It's not every CEO who tells an interviewer, "call my mother." But Robbie Stamp's mother, Gillian Stamp, is no ordinary mother. She came to her career as a management consultant from a background in social work; she counts as a mentor and collaborator Elliott Jacques, a leading business theorist and a cutting-edge thinker on human interaction within organizations. She is one of the few women consultants to work with top British companies. Her portfolio includes ICI, the British chemical giant, and the newly consecrated bishops of the High Church of England. She is a professor at the London-based Brunel Institute of Organisation and Social Studies. And for Robbie Stamp, she is a lifeline to deeply felt ideas about work. At least once a day, the two email each other to discuss business.
Among other things, Professor Stamp has passed on to her son her "tripod" model of management: "tasking, tending, trusting." "The tripod deals with the work that makes things work," she explains. Of its three legs, "tending" is perhaps the most important.
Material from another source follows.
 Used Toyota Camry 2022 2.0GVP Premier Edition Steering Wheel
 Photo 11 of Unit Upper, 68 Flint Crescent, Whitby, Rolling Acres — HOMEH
"Tending is incredibly hard work," she says, "and it's the kind of work that nobody notices when you are doing it. We were having China tea the other day, and Robbie remembered a China tea with milk in it, offered him by a colleague. He thought it was ghastly, but he drank it and gave the colleague a very appreciative look. If he'd said 'No, thanks,' that person might then think twice before coming to Robbie with a new idea or a problem. Over the centuries, slaves and women and great leaders - great leaders, not ordinary leaders - have practiced this kind of work. Great leaders take the trouble to be in touch with ordinary things.
"Like Norman Schwarzkopf. During the Gulf War, he got very involved in designing a special boot that would be more effective and more comfortable for troops fighting in the desert. That sensitive awareness of tiny things is what makes a great leader.
"It's very hard work, but it's the most effective way to please customers. By signaling to your people that each tiny thing makes a difference to you, you help them recognize the things that will also make a difference to the customer.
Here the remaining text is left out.